Définition de la prétérition
La prétérition consiste à affirmer que l’on ne va pas mentionner quelque chose, mais en réalité, cela a déjà été dit ou suggéré. Cette figure de style joue avec les attentes du public, souvent en utilisant une approche subtile pour introduire des informations sans en avoir l’air. C’est une forme de manipulation rhétorique qui permet à l’orateur de se dédouaner tout en disant exactement ce qu’il prétend vouloir éviter.
Exemples de prétérition
La prétérition se décline sous différentes formes : négative, interrogative et conditionnelle. Voici quelques exemples concrets issus de la littérature pour illustrer cette figure.
Le mode négatif
Dans ce mode, l’orateur affirme qu’il ne va pas parler d’un sujet, tout en l’évoquant néanmoins.
« Je ne regarderai ni l’or du soir qui tombe,
Ni les voiles au loin descendant vers Harfleur »
(Demain dès l’aube, Victor Hugo)
Bien que Victor Hugo prétende qu’il ne va pas regarder le paysage, sa description nous invite à l’imaginer avec précision.
Le mode interrogatif
Ici, des questions sont posées sous prétexte de ne pas répéter ce qui a déjà été dit, mais chaque question renforce l’idée évoquée.

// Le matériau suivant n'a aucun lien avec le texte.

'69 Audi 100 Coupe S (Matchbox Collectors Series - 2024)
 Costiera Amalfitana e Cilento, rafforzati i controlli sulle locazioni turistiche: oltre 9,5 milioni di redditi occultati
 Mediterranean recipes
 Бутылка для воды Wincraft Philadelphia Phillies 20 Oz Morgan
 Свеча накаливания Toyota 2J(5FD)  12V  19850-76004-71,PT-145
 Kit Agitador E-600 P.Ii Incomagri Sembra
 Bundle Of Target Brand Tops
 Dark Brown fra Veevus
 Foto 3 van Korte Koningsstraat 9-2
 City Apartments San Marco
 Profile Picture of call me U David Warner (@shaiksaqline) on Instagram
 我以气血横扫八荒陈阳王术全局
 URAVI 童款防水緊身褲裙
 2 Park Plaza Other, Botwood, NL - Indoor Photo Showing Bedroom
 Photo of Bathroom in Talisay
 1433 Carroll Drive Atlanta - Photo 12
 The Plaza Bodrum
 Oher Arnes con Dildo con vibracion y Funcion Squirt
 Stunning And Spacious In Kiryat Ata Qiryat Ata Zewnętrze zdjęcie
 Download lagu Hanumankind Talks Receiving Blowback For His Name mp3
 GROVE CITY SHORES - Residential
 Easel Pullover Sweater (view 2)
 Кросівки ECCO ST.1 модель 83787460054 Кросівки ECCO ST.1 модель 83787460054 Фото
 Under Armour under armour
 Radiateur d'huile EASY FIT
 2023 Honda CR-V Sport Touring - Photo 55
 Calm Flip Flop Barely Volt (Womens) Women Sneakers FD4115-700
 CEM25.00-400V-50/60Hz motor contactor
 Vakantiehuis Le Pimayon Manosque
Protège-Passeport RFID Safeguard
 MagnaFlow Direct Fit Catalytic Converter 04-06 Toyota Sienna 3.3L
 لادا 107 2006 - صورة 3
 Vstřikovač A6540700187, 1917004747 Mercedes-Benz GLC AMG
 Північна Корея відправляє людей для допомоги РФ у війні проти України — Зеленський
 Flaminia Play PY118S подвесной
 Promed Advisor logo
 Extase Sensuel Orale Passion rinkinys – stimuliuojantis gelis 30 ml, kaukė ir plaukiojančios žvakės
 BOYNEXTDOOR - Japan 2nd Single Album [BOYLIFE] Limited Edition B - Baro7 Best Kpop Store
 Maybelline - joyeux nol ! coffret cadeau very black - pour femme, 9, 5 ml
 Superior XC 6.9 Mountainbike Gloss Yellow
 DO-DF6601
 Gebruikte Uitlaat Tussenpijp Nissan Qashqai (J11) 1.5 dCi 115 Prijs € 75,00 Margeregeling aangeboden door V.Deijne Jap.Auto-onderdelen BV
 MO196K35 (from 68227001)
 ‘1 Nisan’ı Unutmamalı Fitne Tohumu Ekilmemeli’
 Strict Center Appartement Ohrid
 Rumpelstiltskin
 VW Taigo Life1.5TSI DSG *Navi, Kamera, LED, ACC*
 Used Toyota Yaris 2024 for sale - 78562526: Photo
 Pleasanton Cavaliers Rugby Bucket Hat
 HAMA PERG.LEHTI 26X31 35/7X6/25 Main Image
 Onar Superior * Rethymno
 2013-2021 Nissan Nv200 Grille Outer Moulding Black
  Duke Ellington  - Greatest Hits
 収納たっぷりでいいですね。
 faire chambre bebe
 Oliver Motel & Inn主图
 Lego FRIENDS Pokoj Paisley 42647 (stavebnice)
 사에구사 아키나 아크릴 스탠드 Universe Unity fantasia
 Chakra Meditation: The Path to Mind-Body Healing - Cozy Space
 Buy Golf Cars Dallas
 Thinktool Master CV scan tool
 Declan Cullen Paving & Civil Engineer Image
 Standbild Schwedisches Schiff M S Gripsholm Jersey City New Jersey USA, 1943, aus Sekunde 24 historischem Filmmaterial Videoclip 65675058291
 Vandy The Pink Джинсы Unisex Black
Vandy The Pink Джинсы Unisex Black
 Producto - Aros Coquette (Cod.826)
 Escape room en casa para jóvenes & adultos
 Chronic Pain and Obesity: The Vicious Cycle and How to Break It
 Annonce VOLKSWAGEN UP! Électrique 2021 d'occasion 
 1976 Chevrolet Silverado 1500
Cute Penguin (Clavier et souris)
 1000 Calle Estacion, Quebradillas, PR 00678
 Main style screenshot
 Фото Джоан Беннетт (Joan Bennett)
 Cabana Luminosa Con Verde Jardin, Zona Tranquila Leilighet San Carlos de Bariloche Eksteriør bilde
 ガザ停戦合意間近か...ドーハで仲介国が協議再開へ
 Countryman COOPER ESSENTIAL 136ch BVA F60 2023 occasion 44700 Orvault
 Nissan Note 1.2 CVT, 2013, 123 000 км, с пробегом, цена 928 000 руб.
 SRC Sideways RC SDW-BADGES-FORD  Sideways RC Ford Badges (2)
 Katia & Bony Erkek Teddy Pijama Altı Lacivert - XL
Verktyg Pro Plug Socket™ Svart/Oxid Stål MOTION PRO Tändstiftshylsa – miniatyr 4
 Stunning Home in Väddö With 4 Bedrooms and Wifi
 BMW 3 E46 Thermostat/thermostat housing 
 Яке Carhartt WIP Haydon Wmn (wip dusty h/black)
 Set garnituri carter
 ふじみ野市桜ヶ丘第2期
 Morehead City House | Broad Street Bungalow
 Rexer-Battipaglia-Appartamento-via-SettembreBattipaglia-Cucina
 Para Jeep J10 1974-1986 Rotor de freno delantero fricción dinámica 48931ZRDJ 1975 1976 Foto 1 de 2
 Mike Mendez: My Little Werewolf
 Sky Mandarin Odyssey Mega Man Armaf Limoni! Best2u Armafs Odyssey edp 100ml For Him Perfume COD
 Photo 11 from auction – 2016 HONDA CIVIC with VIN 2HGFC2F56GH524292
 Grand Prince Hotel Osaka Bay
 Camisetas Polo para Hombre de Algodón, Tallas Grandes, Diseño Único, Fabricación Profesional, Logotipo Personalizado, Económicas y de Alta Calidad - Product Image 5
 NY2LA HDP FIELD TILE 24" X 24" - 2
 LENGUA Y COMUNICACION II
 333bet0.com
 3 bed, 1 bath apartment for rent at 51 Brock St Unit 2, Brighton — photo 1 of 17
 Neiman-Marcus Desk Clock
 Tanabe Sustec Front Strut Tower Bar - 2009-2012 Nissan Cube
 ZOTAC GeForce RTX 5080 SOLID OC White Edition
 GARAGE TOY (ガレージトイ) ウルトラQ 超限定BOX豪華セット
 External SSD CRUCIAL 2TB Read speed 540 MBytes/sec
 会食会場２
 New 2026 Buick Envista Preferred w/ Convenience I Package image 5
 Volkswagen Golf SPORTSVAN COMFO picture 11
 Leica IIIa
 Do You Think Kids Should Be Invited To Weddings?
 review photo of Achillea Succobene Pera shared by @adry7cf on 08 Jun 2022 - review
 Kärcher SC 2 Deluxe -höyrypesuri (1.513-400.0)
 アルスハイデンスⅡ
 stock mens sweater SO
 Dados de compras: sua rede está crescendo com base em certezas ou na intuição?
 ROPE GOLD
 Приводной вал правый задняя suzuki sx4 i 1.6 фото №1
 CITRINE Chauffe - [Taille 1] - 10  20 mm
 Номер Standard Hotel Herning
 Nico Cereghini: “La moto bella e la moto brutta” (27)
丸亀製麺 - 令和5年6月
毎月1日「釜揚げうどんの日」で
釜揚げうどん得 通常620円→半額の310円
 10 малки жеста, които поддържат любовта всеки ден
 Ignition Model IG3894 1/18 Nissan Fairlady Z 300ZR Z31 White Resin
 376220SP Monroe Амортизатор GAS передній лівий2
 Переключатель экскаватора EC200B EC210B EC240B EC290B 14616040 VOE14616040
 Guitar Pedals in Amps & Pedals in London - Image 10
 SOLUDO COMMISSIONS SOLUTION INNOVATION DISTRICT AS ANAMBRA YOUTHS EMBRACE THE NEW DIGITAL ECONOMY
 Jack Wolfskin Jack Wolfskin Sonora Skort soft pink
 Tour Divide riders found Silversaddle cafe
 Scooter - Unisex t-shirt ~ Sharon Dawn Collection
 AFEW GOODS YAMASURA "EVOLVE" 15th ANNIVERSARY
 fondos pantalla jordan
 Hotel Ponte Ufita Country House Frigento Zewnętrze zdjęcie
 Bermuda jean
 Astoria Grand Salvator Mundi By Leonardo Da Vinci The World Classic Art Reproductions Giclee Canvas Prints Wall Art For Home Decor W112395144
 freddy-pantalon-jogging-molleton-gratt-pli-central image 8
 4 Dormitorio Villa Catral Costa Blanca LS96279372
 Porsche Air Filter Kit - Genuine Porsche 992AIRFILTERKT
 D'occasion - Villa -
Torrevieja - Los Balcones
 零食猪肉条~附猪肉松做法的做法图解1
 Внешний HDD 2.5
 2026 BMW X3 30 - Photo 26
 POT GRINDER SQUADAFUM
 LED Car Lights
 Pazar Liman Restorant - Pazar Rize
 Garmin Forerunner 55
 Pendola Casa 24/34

« T’ai-je encor peint, dis-moi, la fantasque inégale,
Qui m’aimant le matin, souvent me hait le soir ? »
(Satires, Boileau)
Le poète interroge son interlocuteur, tout en dressant le portrait détaillé de la personne dont il parle.
Le mode conditionnel
Dans ce cas, l’orateur semble suggérer une action tout en prétendant qu’il ne le fait pas.
« Je n’ai aucune arrière-pensée. Je ne veux pas t’influencer…
Mais si une épée comme celle-là tuait ta sœur, nous serions bien tranquilles… »
(Électre, Jean Giraudoux)
Ici, la Première Euménide feint de ne pas vouloir influencer, tout en encourageant subtilement un acte de violence.
Un exemple classique
Dans La Femme noyée de La Fontaine, on retrouve une prétérition subtile :
« Je ne suis pas de ceux qui disent : Ce n’est rien ; C’est une femme qui se noie. »
Tout en prétendant ne pas minimiser l’importance de l’événement, La Fontaine le fait justement.
La prétérition dans le langage courant
Nous utilisons souvent la prétérition dans les conversations de tous les jours, parfois sans nous en rendre compte. Par exemple :
« Je ne vais pas te rappeler que tu étais en retard… »
En disant cela, on rappelle justement la personne à l’ordre tout en prétendant ne pas le faire.
« Inutile de préciser que vous devrez travailler plus dur pour réussir… »
Ici, le locuteur fait comprendre de manière implicite qu’il s’attend à plus d’efforts, tout en prétendant que ce n’est pas nécessaire de le dire.
La prétérition est une figure de style qui permet de dire quelque chose tout en prétendant ne pas le faire. Elle est souvent utilisée pour manipuler l’attention du lecteur ou de l’auditeur, tout en créant un effet d’ironie ou de complicité. Cette figure subtile montre à quel point les non-dits et les sous-entendus peuvent jouer un rôle clé dans la communication, que ce soit dans la littérature ou dans la vie de tous les jours.